> Task
Nothing but the lines from the one showing "schwarzem Hintergrund, mit" through the final line of the data below belongs in the answer, duplicated exactly and without pictures.

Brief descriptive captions
══════════
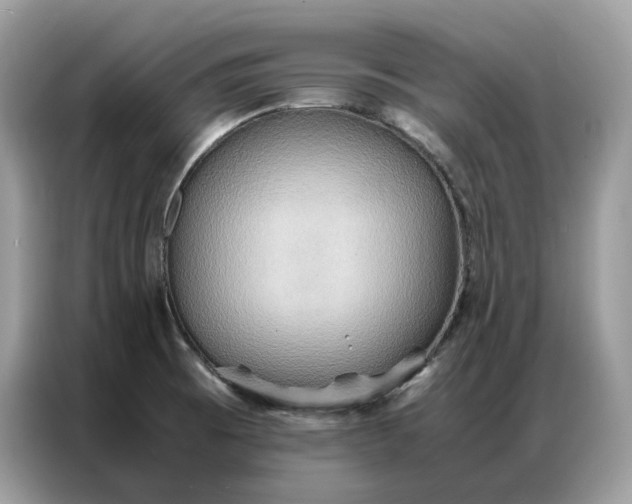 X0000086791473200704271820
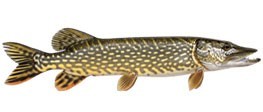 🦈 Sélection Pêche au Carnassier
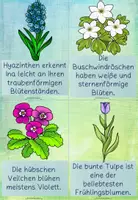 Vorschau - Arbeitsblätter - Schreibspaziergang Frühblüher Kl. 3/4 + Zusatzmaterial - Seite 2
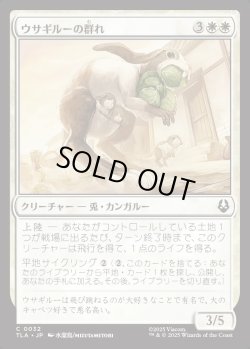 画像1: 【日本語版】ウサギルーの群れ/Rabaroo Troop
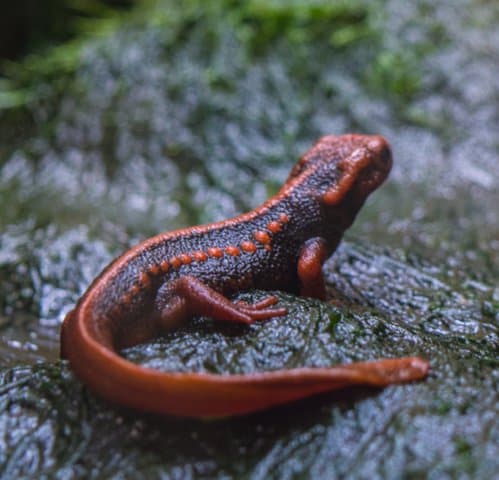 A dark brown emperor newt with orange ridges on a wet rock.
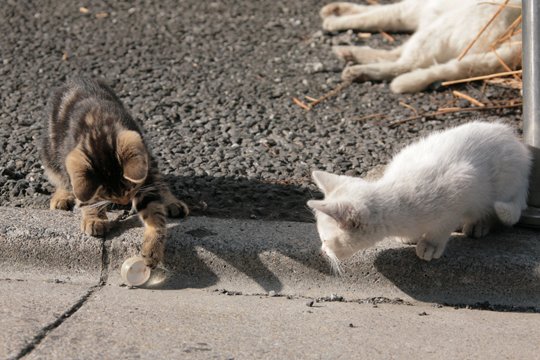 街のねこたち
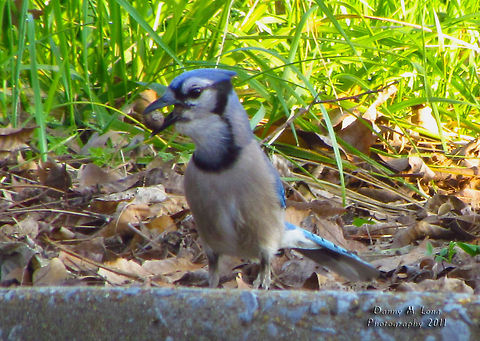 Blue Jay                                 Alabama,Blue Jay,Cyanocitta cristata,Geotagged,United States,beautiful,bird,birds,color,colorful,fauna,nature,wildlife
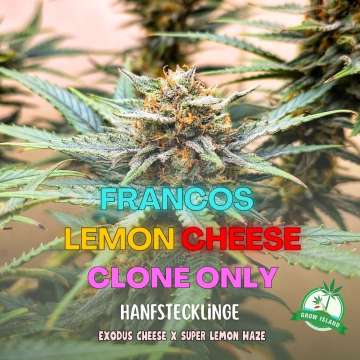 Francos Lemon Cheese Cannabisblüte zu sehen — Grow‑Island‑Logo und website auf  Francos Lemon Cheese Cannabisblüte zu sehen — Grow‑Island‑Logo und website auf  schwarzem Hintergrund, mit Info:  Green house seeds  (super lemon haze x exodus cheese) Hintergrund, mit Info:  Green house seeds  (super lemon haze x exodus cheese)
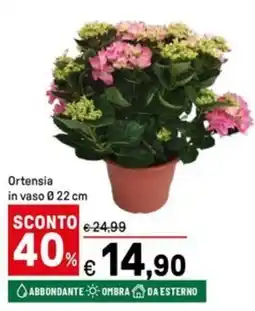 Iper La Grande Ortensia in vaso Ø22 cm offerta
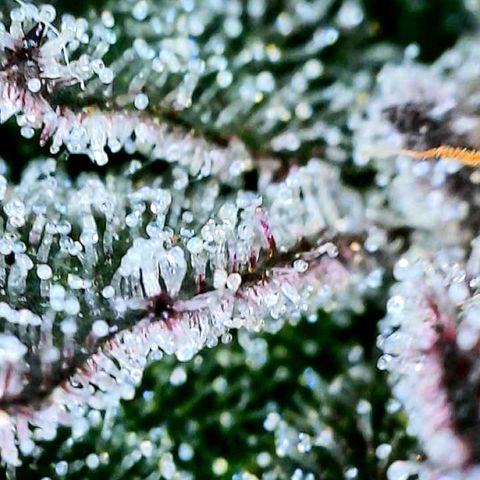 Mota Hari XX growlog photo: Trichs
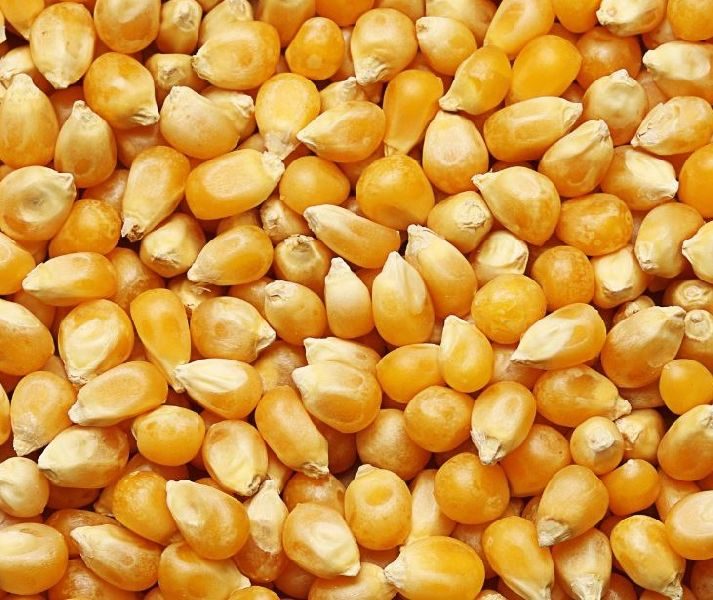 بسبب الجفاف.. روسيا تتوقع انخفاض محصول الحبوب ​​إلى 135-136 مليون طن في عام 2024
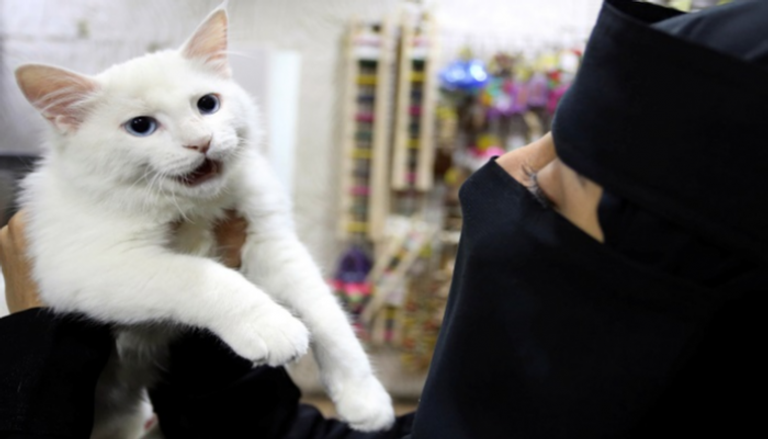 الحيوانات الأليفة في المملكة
══════════
> Expected answer
 Francos Lemon Cheese Cannabisblüte zu sehen — Grow‑Island‑Logo und website auf  Francos Lemon Cheese Cannabisblüte zu sehen — Grow‑Island‑Logo und website auf  schwarzem Hintergrund, mit Info:  Green house seeds  (super lemon haze x exodus cheese) Hintergrund, mit Info:  Green house seeds  (super lemon haze x exodus cheese)
 Iper La Grande Ortensia in vaso Ø22 cm offerta
 Mota Hari XX growlog photo: Trichs
 بسبب الجفاف.. روسيا تتوقع انخفاض محصول الحبوب ​​إلى 135-136 مليون طن في عام 2024
 الحيوانات الأليفة في المملكة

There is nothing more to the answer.